Scientific computing can be difficult in practice due to various complex software issues. In particular, chaining together software packages into a computational pipeline can be very error prone. Using the Common Workflow Language (CWL) greatly helps, but users still need to explicitly specify how to connect the steps. The Workflow Inference Compiler allows users to specify computational protocols at a very high level of abstraction, it automatically infers almost all connections between steps, and it compiles to CWL for execution.
The documentation is available on readthedocs.
The main examples are chosen from classical molecular dynamics but like CWL, the compiler is general purpose and is not limited to any specific domain.

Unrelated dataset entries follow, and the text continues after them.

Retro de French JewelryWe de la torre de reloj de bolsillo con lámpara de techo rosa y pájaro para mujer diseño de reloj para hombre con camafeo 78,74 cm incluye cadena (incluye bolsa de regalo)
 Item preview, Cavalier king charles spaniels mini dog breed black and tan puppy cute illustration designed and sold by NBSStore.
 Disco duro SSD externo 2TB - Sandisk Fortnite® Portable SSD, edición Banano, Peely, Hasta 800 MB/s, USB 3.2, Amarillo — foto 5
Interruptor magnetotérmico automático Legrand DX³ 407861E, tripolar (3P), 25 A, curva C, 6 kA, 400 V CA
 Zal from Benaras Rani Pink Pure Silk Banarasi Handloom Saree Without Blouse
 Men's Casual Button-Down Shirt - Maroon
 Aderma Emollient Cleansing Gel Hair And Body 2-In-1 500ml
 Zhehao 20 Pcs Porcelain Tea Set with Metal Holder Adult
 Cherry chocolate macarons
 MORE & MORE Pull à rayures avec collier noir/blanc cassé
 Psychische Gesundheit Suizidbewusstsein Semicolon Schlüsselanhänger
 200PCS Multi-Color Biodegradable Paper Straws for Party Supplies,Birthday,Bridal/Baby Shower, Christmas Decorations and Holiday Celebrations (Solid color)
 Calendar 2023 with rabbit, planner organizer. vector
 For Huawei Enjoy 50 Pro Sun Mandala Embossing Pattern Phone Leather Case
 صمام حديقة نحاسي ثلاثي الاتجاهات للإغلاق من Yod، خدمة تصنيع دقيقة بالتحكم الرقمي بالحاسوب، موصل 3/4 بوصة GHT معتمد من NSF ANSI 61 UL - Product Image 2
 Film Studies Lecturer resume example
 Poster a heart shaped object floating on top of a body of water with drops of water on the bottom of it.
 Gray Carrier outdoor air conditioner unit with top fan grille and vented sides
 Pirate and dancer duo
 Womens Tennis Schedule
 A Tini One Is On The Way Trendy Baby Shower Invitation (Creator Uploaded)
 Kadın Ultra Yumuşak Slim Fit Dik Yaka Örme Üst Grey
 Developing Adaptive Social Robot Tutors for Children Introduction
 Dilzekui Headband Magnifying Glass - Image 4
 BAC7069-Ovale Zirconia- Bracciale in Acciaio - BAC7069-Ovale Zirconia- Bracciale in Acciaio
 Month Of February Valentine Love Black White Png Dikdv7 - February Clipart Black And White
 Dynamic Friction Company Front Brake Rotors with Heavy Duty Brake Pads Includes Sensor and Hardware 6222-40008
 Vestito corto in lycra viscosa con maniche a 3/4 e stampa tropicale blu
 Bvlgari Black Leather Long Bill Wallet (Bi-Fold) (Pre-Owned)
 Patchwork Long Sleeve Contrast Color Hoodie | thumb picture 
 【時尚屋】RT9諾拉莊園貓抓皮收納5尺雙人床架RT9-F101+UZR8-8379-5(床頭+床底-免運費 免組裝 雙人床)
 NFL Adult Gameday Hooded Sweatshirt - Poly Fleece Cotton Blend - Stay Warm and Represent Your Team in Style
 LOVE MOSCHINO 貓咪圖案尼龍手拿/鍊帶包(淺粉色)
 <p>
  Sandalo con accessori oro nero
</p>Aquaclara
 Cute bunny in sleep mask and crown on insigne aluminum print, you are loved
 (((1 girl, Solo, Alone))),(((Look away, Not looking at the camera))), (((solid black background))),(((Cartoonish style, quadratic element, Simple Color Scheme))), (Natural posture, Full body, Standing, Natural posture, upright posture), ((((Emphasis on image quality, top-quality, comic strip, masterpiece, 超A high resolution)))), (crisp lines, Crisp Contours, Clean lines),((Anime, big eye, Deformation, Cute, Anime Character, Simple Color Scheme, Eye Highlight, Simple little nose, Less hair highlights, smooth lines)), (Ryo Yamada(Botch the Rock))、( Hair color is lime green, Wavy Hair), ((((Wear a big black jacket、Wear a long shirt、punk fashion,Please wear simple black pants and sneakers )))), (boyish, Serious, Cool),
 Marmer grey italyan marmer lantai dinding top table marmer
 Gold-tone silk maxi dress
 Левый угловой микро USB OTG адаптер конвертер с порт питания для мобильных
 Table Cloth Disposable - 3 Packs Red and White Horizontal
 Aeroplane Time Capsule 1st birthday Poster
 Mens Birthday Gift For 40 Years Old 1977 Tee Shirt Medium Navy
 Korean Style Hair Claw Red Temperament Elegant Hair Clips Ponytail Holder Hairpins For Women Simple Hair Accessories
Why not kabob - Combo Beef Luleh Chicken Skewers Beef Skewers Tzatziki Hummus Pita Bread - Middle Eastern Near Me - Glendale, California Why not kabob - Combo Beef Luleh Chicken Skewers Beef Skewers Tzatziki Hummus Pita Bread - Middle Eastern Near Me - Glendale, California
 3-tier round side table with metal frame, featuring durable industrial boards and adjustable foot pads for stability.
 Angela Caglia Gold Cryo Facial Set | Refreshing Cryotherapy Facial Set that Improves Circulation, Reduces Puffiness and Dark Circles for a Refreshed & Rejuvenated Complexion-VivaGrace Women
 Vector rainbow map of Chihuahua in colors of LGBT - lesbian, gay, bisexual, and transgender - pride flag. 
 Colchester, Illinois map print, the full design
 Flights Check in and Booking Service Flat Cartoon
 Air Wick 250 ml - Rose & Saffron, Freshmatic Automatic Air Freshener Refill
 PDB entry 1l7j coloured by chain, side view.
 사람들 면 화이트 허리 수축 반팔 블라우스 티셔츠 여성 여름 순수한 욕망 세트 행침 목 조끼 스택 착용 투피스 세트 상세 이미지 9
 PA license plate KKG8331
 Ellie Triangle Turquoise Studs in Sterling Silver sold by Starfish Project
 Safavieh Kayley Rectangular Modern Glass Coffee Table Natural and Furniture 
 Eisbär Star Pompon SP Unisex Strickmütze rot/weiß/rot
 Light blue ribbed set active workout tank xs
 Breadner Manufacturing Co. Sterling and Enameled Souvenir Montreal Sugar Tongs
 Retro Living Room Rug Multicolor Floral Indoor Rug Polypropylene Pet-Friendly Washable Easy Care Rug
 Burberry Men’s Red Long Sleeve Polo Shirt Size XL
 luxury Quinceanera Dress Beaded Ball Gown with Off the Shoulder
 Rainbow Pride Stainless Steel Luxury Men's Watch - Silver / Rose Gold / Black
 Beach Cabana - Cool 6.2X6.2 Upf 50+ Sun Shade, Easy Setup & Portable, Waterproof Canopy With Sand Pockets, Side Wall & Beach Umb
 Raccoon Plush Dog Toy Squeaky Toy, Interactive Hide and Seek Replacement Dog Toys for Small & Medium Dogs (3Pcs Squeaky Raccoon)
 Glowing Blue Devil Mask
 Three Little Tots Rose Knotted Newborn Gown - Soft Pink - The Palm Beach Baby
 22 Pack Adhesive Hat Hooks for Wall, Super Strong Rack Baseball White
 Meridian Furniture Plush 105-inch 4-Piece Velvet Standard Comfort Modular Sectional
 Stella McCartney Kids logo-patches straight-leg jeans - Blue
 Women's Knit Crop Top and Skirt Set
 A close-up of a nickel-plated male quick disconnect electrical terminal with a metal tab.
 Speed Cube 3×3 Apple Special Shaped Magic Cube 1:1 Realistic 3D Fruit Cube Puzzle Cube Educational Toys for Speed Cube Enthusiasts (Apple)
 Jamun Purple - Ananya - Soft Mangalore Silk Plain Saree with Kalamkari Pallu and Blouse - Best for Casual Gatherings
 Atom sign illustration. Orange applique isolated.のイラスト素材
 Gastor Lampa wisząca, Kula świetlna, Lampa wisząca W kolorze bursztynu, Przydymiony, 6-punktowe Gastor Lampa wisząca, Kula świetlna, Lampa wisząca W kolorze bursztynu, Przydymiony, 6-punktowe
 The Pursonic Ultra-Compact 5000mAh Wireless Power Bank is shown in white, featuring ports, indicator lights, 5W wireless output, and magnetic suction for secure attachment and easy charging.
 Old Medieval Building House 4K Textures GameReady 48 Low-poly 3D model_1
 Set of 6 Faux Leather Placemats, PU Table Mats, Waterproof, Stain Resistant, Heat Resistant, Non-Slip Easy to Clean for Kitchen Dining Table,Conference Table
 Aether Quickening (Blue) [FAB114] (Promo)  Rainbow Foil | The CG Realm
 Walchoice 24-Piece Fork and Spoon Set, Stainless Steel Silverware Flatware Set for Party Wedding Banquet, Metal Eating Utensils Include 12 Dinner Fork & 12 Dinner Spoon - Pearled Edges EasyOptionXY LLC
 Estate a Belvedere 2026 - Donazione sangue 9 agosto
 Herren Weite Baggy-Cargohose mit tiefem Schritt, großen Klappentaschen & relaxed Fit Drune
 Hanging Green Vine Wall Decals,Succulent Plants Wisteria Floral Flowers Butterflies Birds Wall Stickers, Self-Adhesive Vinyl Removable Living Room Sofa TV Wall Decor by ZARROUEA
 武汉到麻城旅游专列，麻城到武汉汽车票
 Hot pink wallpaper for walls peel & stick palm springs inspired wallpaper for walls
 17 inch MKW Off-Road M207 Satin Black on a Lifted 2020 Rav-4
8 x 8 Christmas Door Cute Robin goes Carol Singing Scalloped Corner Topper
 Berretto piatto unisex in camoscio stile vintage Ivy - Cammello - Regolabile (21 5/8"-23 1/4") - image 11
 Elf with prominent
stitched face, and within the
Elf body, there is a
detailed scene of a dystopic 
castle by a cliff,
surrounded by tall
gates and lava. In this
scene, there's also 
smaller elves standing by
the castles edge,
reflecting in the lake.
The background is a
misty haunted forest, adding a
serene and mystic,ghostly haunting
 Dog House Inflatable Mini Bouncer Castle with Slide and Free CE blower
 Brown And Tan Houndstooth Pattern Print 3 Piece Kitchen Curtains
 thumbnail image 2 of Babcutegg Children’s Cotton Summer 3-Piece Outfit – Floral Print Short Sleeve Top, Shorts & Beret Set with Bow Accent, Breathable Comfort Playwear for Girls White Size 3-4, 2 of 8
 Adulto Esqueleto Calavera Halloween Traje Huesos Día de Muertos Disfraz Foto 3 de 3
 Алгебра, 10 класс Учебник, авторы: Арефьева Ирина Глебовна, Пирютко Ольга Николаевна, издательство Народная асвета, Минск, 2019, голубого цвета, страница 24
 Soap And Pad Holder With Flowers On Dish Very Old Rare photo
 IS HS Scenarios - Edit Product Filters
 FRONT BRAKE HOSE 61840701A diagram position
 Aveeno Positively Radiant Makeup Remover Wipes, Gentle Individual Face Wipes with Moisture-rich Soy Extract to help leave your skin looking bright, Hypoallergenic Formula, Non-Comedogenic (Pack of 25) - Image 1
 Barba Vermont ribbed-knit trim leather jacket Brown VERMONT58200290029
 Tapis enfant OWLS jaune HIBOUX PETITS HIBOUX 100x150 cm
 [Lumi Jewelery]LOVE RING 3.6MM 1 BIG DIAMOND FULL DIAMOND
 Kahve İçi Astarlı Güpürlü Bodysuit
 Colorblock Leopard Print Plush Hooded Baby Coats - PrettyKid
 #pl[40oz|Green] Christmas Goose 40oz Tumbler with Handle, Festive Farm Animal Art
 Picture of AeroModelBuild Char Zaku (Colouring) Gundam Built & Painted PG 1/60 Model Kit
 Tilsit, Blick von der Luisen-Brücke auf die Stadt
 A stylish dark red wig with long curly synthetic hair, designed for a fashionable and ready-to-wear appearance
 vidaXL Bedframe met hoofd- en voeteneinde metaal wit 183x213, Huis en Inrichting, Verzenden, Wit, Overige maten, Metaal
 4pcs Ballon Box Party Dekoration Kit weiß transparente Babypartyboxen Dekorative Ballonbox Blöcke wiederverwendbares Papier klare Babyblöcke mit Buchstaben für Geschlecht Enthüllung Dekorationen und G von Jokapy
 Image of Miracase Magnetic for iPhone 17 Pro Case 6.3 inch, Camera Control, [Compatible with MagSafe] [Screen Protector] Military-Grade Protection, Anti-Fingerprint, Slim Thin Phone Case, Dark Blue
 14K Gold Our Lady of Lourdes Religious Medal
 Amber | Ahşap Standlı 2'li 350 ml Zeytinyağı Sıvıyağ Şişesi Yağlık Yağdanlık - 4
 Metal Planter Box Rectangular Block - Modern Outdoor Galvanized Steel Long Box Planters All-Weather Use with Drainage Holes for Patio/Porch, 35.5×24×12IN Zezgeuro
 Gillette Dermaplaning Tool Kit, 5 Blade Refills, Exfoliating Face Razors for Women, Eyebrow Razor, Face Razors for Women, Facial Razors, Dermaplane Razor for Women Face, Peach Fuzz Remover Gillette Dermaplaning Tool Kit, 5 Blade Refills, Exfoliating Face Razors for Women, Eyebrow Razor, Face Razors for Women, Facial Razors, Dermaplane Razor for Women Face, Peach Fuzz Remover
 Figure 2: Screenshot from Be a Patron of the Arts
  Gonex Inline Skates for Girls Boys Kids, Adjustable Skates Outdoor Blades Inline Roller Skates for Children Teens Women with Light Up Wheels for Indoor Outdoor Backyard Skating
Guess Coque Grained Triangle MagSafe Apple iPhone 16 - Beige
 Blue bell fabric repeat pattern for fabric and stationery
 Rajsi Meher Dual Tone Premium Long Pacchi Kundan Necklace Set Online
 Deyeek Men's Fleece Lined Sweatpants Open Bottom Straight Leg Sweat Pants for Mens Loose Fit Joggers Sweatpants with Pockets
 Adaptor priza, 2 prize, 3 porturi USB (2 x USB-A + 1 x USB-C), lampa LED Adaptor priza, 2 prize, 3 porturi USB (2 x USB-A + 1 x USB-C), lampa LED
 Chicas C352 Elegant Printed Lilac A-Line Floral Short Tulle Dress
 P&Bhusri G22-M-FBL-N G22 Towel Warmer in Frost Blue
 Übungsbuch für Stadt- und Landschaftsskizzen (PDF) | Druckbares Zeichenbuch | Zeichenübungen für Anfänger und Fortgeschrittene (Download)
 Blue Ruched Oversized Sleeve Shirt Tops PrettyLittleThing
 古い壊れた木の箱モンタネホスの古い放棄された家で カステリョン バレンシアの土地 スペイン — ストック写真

See the installation guide for more details, but:
git clone https://github.com/PolusAI/workflow-inference-compiler.git
cd workflow-inference-compiler
cd install/
./install_conda.sh # install_conda.bat on Windows
source ~/.bashrc # skip on Windows
conda create --name wic
conda activate wic
./install_pypy.sh # Optional, skip on Arm Macs
./install_system_deps.sh # install_system_deps.bat on Windows
cd ..
pip install -e ".[all]"
pre-commit install # Required for developers
cd install
./install_biobb_adapters.sh
./install_mm-workflows.sh
cd ..
wic --yaml ../mm-workflows/examples/gromacs/tutorial.yml --run_local --quiet
That last command will infer edges, compile the yml to CWL, generate a GraphViz diagram of the root workflow, and run it locally.
label: Conjugate Gradient
steps:
- grompp:
in:
config:
mdp:
integrator: cg
nsteps: 1000
- mdrun:
in:
# Use GPU by default
bonded_terms: cpu
pme_terms: cpu
- gmx_energy:
in:
config:
terms: [Potential]
output_xvg_path: energy_min_cg.xvgThe subworkflow examples/gromacs/cg.yml in mm-workflows is shown above, and the GraphViz diagram of the root workflow examples/gromacs/tutorial.yml in mm-workflows is shown below.
If you add the --parallel flag to the above command then, in another terminal, you can view the plots in real-time:
conda activate wic
cd install && ./install_timeseriesplots.sh && cd ..
timeseriesplots
You can also view the 3D structures in the Jupyter notebook src/vis/viewer.ipynb. The visualization currently needs to be in its own conda environment.
install/install_conda.sh
conda create --name vis
conda activate vis
install/install_nglview.sh
pip install -e ".[all]"
The Workflow Inference Compiler is a Domain Specific Language (DSL) based on the Common Workflow Language. CWL is fantastic, but explicitly constructing the Directed Acyclic Graph (DAG) associated with a non-trivial workflow is not so simple. For example, the workflow shown above is based on the following gromacs tutorial. Instead of writing raw CWL, you can write your workflows in a much simpler yml DSL. For technical reasons edge inference is far from unique, so users should always check that edge inference actually produces the intended DAG.
The key feature is that in most cases, you do not need to specify any of the edges! They will be automatically inferred for you based on types, file formats, and naming conventions. For more information, see the user guide If for some reason edge inference fails, there is a syntax for creating explicit edges.
Subworkflows are very useful for creating reusable, composable building blocks. As shown above, recursive subworkflows are fully supported, and the edge inference algorithm has been very carefully constructed to work across subworkflow boundaries. If there are subworkflows, the linear order in the parent workflow is determined by inlineing the subworkflows. (If you are unsure, simply enable --cwl_inline_subworkflows) Note that since CWL files for subworkflows are also automatically generated, any subworkflow can be treated as a black box if desired.
Moreover, in addition to ignoring irrelevant details inside a subworkflow, users should also be able to ignore the details of the parent workflow in which a subworkflow is embedded. In other words, subworkflows should be context-free and have 'embedding independence'. Again, the edge inference algorithm has been carefully constructed such that the edges inferred within a subworkflow do not depend on its embedding within a parent workflow. (This requirement is guaranteed by the regression tests!)
Since the yml DSL files are automatically compiled to CWL, users should not have to know any CWL. However, the yml DSL is secretly CWL that is simply missing almost all of the tags! In other words, the compiler merely adds missing information to the files, and so if you know CWL you are free to explicitly add the information yourself. Thus, the yml DSL is intentionally a leaky abstraction.